Australian IT managers are clear about what's hot and what's not in 2002. IT outsourcing and security spending remains hot but long-term projects without immediate returns are out.
In a report on IT predictions for 2002, Gartner said staged projects with short-term paybacks that do not tie up capital are winning favour.
The researcher warns that as long as Australian companies plan with caution, IT investment will remain a viable option for business growth this year.
However, one Australian IT manager from a defence manufacturing company was more pessimistic.
Despite managing an IT budget of around $16 million, he said technology's influence on business decisions is being reduced as a result of the downturn, claiming his company was holding back on projects.
Another IT manager who is responsible for an IT budget of $8 million for a coal mining company believes the "hardships faced in 2001" did not have any significant impact on his company's use of IT.
"We have been very active in the areas of security and outsourcing for a number of years and this has become 'business as usual' for us," he said.
This IT manager added that the events of September 11 caused no increased security effort in his organisation, as "for a number of years we have been very active in protecting our company's IT assets from unwanted intrusions or attacks".
Heather Brigstocke, regional manager and director, IT trends Asia-Pacific, Gartner, said although some IT managers or CIOs may prefer to cut spending in these uncertain times, it is the ongoing investment in IT projects, such as collaboration and connectivity, that will improve productivity and ensure cost improvements that far outweigh the benefits of short-term cost cutting.
"Any implementation should be strategically relevant and offer a competitive advantage.
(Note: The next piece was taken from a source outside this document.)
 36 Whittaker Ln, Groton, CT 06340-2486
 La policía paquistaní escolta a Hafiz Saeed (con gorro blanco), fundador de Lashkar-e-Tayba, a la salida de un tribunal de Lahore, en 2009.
No matter what the IT investment, it must benefit the enterprise's business model. It is important to stay focused and keep the IT staff moving and ensure a certain degree of pragmatism. Recession proofing does not translate into zero action," Brigstocke said.
David McCoy, vice president and research director for Gartner US, said a common theme connecting the areas in which companies spend their money will be the need to see financial rewards quickly.
"Companies are not going to spend anything on a long-term project. It's got to return immediately," McCoy said.
He also pointed to further outsourcing, claiming if "something is not part of your core, get rid of it".